これに反して、失敗者の特質は、なかなか決心できなくて、迷いつづける。しかも、他人の言などに動かされると、すぐその決心を変えてしまう。成功するタイプの人間には、ある種のいさぎよさがあり、失敗者の態度には、常に優柔不断さがつきまとう。
ではなぜ、この決心のとりあつかい一つで、好運と衰運の分かれ目が生ずるのであろうか?それは、人心の来たるか、去るかによって生ずるのである。すなわち、いさきよさに人は魅かれ、優柔不断さに対しては、人は失望し、そして去るのである。
およそ、人の成功とは、他人の助けなくしてはなし得ない。ゆえに、人心の寄り来たるは、ツキの寄り来たるとの同義語であると思って差しっかえない。ツキを逃がす人間とは、人心を容易に去らしめる人間である。しかし、このような人間でも、好んで人心を自分から離反させているわけではない。ただ、気づかずして、そうなってしまうのである。
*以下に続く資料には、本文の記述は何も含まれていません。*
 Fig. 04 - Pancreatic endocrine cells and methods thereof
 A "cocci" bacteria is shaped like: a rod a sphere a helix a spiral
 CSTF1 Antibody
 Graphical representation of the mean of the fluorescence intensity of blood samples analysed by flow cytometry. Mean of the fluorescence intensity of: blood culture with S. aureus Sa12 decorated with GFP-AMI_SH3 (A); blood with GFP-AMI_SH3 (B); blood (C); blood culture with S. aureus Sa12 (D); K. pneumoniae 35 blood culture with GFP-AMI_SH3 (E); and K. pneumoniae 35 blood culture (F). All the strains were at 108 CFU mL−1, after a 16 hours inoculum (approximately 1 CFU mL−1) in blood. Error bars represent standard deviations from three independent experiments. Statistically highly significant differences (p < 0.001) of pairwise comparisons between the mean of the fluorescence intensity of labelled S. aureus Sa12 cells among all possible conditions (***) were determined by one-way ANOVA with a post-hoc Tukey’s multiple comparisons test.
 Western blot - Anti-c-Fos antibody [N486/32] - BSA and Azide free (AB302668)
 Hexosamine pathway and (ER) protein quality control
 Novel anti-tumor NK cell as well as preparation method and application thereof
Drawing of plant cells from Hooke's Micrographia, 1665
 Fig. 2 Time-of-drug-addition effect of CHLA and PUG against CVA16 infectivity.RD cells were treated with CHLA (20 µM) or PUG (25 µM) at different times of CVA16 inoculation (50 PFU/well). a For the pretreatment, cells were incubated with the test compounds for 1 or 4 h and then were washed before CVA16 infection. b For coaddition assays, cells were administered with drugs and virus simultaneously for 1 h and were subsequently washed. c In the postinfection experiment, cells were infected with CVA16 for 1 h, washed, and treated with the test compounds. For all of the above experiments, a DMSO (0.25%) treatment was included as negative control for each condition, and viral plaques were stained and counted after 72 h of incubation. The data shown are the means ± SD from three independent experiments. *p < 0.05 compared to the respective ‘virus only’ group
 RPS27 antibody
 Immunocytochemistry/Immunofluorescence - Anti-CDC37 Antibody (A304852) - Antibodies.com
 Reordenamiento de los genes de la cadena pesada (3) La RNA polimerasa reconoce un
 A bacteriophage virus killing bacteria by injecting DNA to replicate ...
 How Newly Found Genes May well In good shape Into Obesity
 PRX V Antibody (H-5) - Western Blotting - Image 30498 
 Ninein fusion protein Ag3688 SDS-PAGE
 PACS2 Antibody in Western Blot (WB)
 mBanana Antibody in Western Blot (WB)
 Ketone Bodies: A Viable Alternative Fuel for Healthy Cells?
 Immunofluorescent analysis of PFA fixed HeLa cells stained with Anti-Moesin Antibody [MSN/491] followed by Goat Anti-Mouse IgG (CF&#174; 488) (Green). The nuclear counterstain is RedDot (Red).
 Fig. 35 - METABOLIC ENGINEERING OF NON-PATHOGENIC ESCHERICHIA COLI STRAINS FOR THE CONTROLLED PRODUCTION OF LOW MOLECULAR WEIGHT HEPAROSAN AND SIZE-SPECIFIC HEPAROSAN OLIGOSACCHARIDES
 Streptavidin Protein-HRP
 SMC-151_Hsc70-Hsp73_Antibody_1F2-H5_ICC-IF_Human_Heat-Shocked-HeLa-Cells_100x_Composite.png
では、なぜそうなってしまうかというと、それは一言にしていえば、自信つまり、自分を信ずることができないからである。無論、ことにのぞんでは、他人の意見をそれぞれに聴き、それを参考とすることは重要である。しかし、その事を決するのは、あくまでも自分であり、そして、その決定について責任を負うのも、あくまでも自分自身なのである。この自立の気概なくして人心を魅きつけることは出来ない。